## YOUR OBJECTIVE:
Return the material below exactly, but only from the line with "Termômetro e Higrômetro" through the line with "Stony Creek Fence Co homepage screenshot", and without its pictures.

## TASK INPUTS:
——————
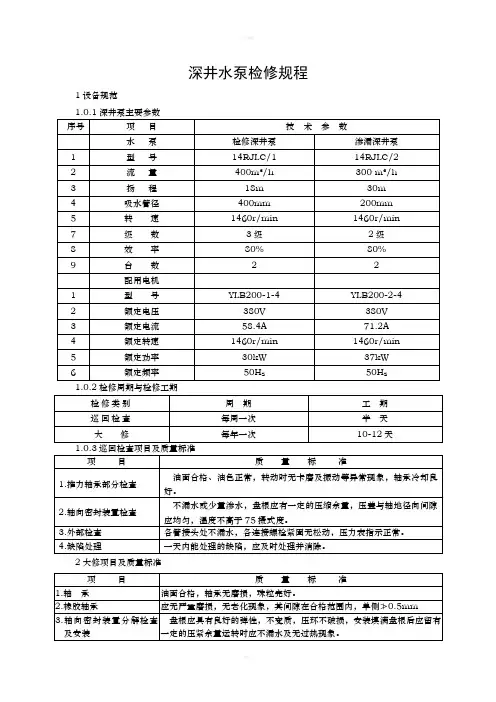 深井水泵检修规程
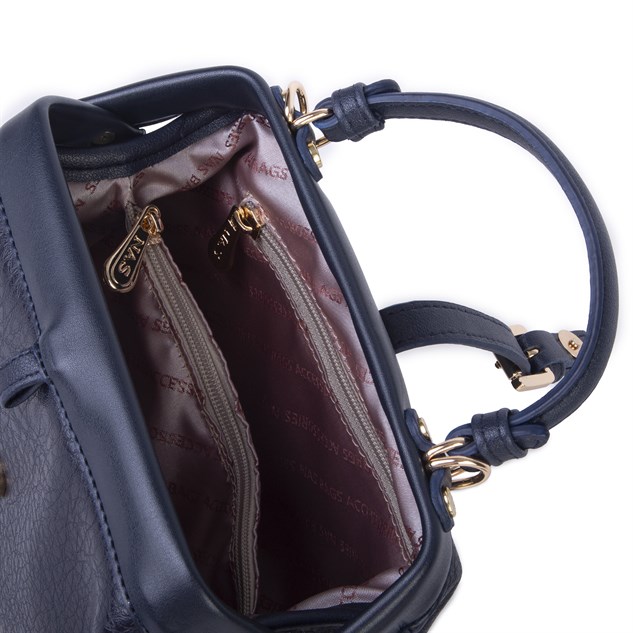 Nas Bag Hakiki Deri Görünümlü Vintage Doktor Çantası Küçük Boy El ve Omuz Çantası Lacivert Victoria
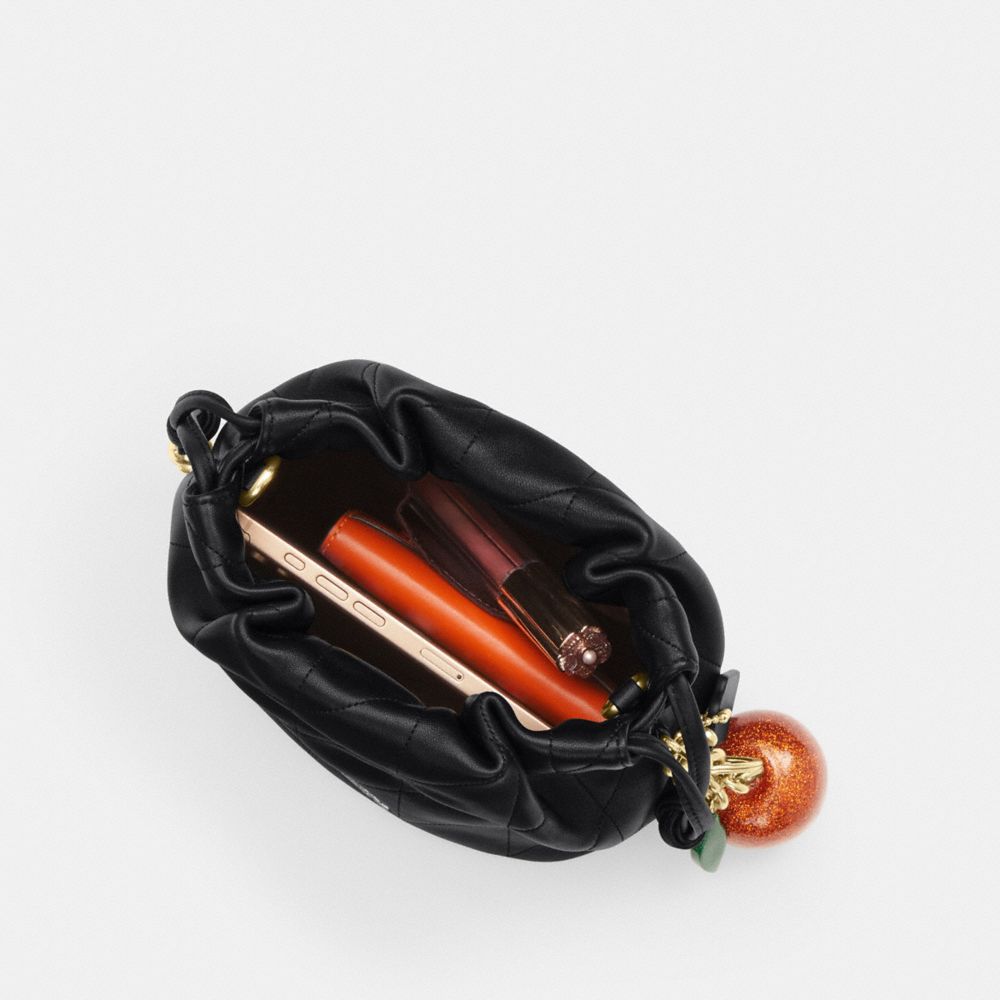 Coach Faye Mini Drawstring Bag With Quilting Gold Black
——————
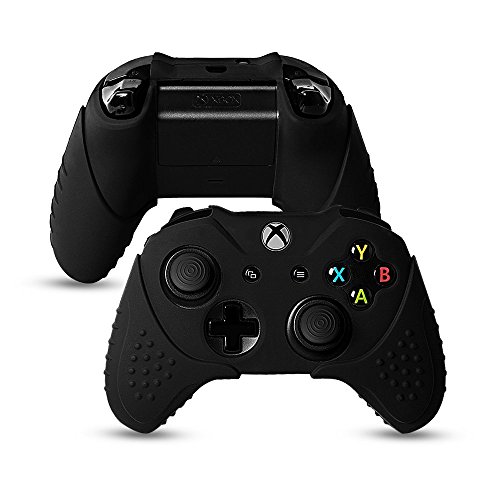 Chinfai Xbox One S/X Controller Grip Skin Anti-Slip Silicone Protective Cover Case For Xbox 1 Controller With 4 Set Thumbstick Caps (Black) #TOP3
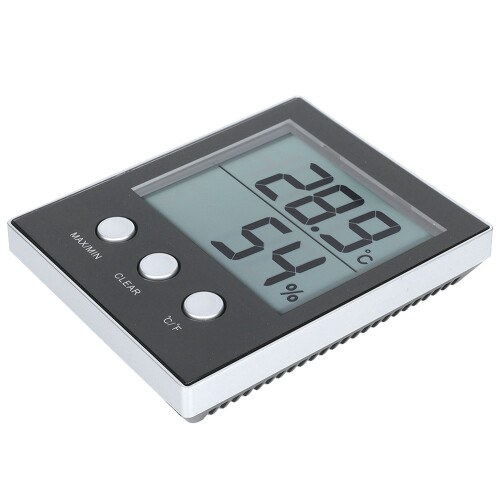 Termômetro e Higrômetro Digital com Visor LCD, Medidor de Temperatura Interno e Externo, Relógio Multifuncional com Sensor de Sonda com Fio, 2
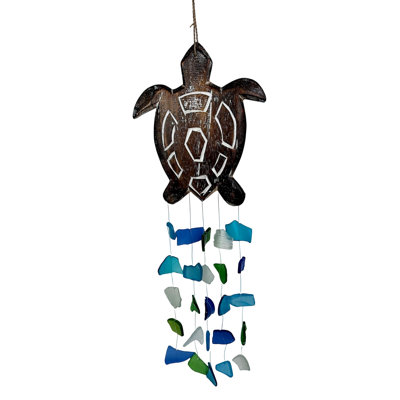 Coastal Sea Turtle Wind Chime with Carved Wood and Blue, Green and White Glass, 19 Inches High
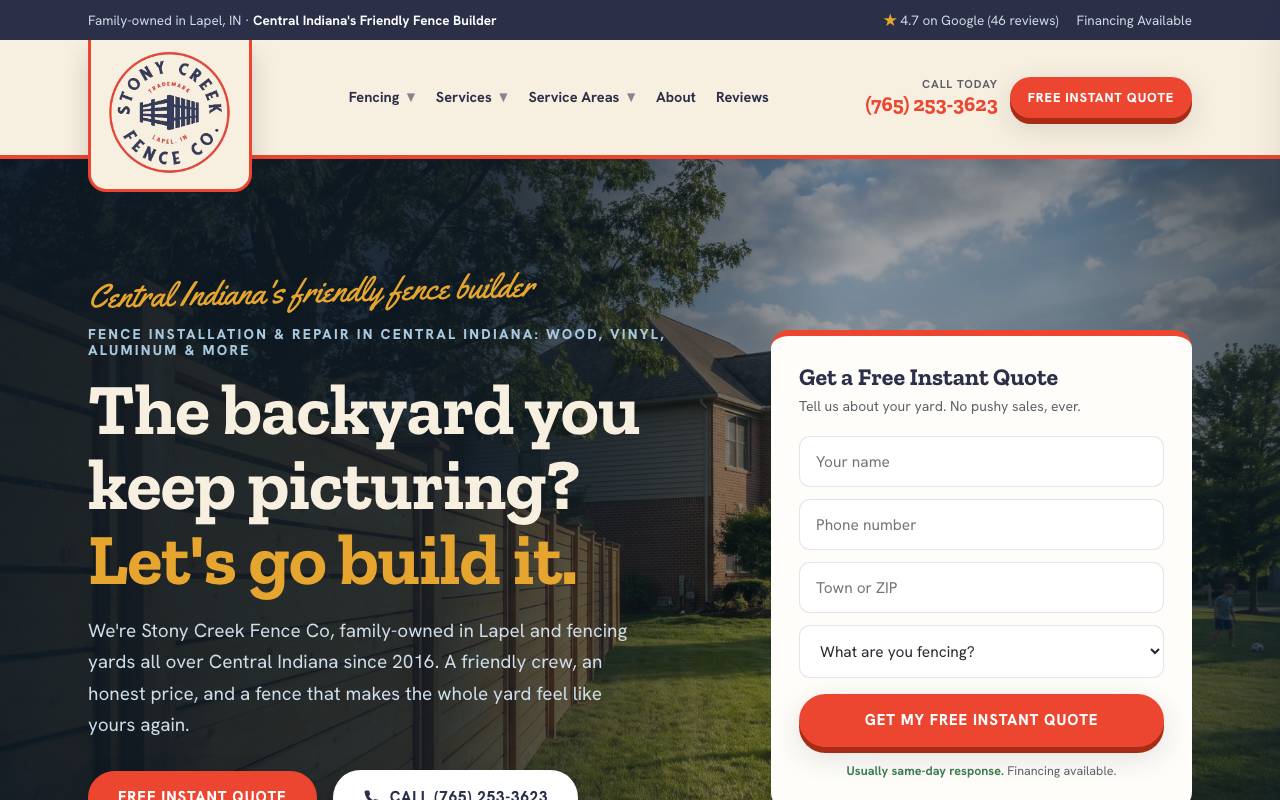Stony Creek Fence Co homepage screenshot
——————
## ANSWER SPACE:
 Termômetro e Higrômetro Digital com Visor LCD, Medidor de Temperatura Interno e Externo, Relógio Multifuncional com Sensor de Sonda com Fio, 2
 Coastal Sea Turtle Wind Chime with Carved Wood and Blue, Green and White Glass, 19 Inches High
Stony Creek Fence Co homepage screenshot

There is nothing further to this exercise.